Honesty is the one quality that all customers appreciate, whether or not the service they want is available, says Hiscox. "One policy that we think bodes well with our customers is our realistic delivery times.
If, for some reason, we can't deliver on a certain day, we say so. It may lose us that order but the customer generally appreciates the honesty and will come back to us next time."
Paul Kibble, marketing manager at ONI, says it is important to remember that the IT systems departments of SMEs are not normally very big. "Staff are always stretched and need suppliers to provide a high level of support.
They don't have time to explain the topology of their network, what protocols they're running, what products are in it and the versions of code they're running, every time they place a support call."
Using a regimented system to track information on customers can be invaluable, says Kibble. This avoids support staff asking routine questions necessary at the start of every call if the information is not right there in front of them.
But some resellers believe such investment doesn't pay dividends. Pro-Com's Spalton says: "It's not a market I want to get into. It's a long drawn out sale and too expensive. I used to do that but I don't want to anymore. We'd work evenings and weekends. When you cost it out and look at the time and effort put in, there's not much in return."

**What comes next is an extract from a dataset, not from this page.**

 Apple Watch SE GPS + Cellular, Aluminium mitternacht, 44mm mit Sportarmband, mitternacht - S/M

Pro-Com is a small business and its sales, just over £1m, are all product-based. There is online support but no pretence at expert technical life-time backup. With networking product prices falling to commodity levels, says Spalton, backup simply isn't practical anymore. Minimal support is, at least, one way of accurately managing customer expectations.

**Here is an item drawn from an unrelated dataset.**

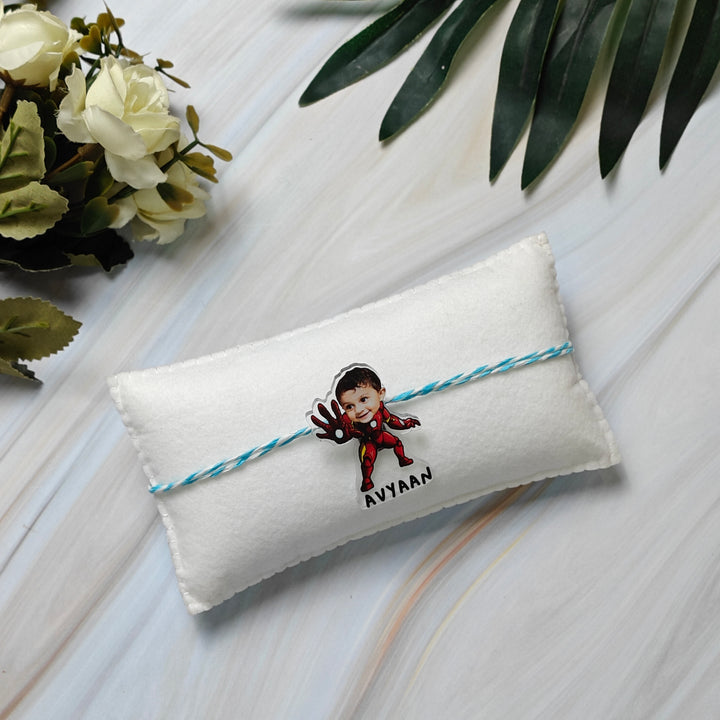 Babble Wrap Personalised Caricature Rakhi - Iron Man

However, to worry about the cost of supporting small customers is to miss the point, says Iliff. "It is not so much that it costs more to meet the demands of smaller customers in terms of service costs - all customers are rightly demanding. The administration cost of, say raising a maintenance contract or an invoice, is the same regardless of size, and that's the issue."

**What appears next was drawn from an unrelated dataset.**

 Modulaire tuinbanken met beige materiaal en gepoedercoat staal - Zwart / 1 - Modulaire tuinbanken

In this respect, says Iliff, the need for simple products and ease of doing business is to everyone's advantage. "A package arranged around leasing, with supply, installation and ongoing support all bundled within a monthly payment scheme is particularly useful."
Keeping customers satisfied is not just about offering endless support and backup to the customer - that simply is not financially viable for any reseller. Customer expectations must be well managed, but so must resellers. Any reseller that sets up shop without making it clear what's included and what isn't is asking for trouble. Small businesses are very demanding. They have little or no IT experience and are pressed for time and money. They simply expect the system to solve their problem - not give them additional problems in return.
Customer satisfaction is about knowing limits and structuring their products as well. There is, as Goddard says, no point in making promises that cannot be kept. For resellers that sell low-cost products and run a passive support service, what's on offer is fairly clear. For the majority that purport to provide extensive post-sales services, the product is too often vague and intangible to the customer. It's very easy for customer expectations to drift skywards.
The antidote is preparation. From the experience of companies such as Bailey Telecom, KMH and Network Alliance, packaging the products and ensuring that the back-room systems are there to support those products is the key - even when dealing with relatively small business organisations or home users.
Making it easy to deal with and to keep doing business, is what will keep the customer satisfied. To do that, resellers have to be easy to find, easy to understand, and easy to talk to.